This is a two-phase project:
Phase 1 (current) validates the thesis on NVIDIA GPU using Tile IR as the VIS. The first contract is Qwen/Qwen3-4B-Base BF16 on GB10 / sm_121, with cuTile -> TileIR -> cubin -> SASS as the only official execution path. The target is >= 1.30x vLLM-best throughput on the primary decode profile — not as an end in itself, but as evidence that the VIS-native approach produces real advantages.
Phase 2 (declared destination) reproduces the methodology on custom silicon using our own tile-based VIS. The agent-synthesis pipeline, leanpack format, and economic measurement framework built in Phase 1 are designed to be retargetable.
The project measures three things simultaneously:
- Throughput: can the narrow appliance beat the compatibility-heavy framework?
- Software cost: how many agent tokens does the narrow appliance cost vs. how much compatibility software does it replace?
- VIS portability: does the VIS abstraction boundary hold when the target changes?
- The execution path must stay explicit down to
cuTile -> TileIR -> cubin -> SASS. - The runtime must stay small enough that an agent can regenerate and modify it cheaply.
- The first contract is a model-chip pair,
Qwen/Qwen3-4B-Base + BF16 checkpointonGB10 / sm_121, not "all models on all hardware." vLLM,SGLang,llama.cpp, and similar systems are compatibility-heavy baselines to compare against, not runtime dependencies.- Remote validation on the DGX Spark machine is part of the development loop, not an afterthought.
- The target product is not a generic runtime. It is a
leanpack + leanserveappliance: offline serving artifacts plus a static resident decode service. - Agent token budget is tracked as a first-class engineering metric alongside throughput and latency.
The repo does seven concrete things:
- Defines a two-phase project thesis for VIS-centric agentic inference (see
docs/PROJECT_THESIS.md). - Provides local and remote tooling to validate the cuTile -> TileIR -> cubin -> SASS path.

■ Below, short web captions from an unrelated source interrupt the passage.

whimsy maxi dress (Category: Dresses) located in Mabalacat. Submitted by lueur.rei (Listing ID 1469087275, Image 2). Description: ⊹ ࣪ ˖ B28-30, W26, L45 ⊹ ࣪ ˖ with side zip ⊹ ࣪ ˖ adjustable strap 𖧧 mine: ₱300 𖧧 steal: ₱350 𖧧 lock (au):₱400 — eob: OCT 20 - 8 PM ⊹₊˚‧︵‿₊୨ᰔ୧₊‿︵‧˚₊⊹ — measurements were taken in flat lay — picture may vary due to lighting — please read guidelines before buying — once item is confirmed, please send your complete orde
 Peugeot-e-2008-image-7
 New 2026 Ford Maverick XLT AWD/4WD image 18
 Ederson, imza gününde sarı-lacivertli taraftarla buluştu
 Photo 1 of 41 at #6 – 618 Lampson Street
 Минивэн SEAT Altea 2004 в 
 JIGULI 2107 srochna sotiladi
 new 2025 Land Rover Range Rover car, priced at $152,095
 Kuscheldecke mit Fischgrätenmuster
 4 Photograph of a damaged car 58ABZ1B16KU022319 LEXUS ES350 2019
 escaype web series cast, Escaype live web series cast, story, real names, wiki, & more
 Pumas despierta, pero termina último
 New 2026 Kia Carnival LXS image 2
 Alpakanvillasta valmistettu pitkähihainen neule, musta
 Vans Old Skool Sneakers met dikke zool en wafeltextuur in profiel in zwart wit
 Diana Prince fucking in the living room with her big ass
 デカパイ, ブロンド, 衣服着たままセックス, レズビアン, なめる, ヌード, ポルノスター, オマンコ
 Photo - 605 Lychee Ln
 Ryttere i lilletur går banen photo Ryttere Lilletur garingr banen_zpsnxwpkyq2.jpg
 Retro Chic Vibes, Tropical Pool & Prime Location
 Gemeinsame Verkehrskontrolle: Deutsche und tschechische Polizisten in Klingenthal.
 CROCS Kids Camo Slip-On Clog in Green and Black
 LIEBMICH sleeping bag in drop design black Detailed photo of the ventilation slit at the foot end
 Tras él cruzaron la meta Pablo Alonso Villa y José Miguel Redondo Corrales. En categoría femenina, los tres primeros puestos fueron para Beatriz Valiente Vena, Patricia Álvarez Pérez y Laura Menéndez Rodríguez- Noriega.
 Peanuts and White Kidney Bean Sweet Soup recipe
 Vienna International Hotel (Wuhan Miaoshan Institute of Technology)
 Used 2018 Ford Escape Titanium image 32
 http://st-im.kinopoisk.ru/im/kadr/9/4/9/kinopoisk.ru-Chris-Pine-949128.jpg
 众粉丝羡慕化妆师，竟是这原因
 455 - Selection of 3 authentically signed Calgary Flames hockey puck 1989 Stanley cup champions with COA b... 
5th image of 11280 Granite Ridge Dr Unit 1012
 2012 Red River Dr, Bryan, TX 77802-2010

- Keeps precision choice explicit through an executable BF16 / FP8 / FP4 gate on the remote machine.
- Builds the runtime around
Qwen/Qwen3-4B-BaseBF16 with explicit ownership of execution, KV cache, and kernel dispatch. - Defines
leanpackandleanserveas the primary build products: packed serving artifacts and a static resident decode service. - Defines a staged comparison protocol against
vLLM,SGLang, and other external baselines, measuring both runtime efficiency and software-stack complexity. - Captures a milestone roadmap (M1/M2/M3 for Phase 1, design principles for Phase 2) in
docs/ROADMAP.md.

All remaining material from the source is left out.